FURANKENSHUTAIN TAI CHITEI KAIJU BARAGON
(“Frankenstein Versus Deep-Sea Monster Baragon”)
Production: Japan, 1965
Director: Honda Ishiro
Category: Science Fiction/Kaiju
When Toho decided to produce the first ever Japanese Frankenstein film, instead of a straight horror movie they elected to place the character in the realm of kaiju eiga, pitching it against a typical giant sea-monster; atomic radiation again figures in the film’s wild plot, which involves a human heart irradiated by the bombing of Hiroshima. The heart eventually evolves into a complete humanoid organism, which finally grows to gigantic size. This monster is hounded by the military, but serves a purpose by defeating Baragon, the rampaging daikaiju. A giant octopus also figures, and the film is notable for its driving freakbeat soundtrack and multiple go-go dancing sequences, one of which drives the monster into an eroto-destructive frenzy. In 1966 Honda directed an even better sequel, Furankenshutain No Kaiju: Sanda Tai Gaira (“Frankenstein’s Monster: Sanda Vs.

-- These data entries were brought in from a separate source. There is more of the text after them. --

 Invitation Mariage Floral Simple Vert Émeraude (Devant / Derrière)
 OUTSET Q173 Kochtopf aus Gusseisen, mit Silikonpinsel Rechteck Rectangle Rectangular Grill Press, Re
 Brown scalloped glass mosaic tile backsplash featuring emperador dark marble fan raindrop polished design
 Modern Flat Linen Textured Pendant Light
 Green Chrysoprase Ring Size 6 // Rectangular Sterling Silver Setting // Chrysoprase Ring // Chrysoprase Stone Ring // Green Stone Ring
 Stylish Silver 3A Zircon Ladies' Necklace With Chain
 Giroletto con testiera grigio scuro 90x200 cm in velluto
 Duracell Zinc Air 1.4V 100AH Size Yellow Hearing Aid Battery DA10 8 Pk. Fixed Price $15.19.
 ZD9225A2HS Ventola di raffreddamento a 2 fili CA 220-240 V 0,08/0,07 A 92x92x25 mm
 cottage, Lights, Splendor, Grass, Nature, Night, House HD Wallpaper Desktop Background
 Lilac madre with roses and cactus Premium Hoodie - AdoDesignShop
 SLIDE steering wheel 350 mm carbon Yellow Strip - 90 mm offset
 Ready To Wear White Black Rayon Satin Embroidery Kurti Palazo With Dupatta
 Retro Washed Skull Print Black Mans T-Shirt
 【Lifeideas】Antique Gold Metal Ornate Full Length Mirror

Gaira”), in which two new giant monsters, one good and one evil, grow from fragments of the first Frankenstein monster, which was smashed in a precipice. Sanda, brown and good, and Gaira, green and bad, finally come into city-crunching conflict over Gaira’s predilection for raw human flesh. Released in the US as War Of The Gargantuas.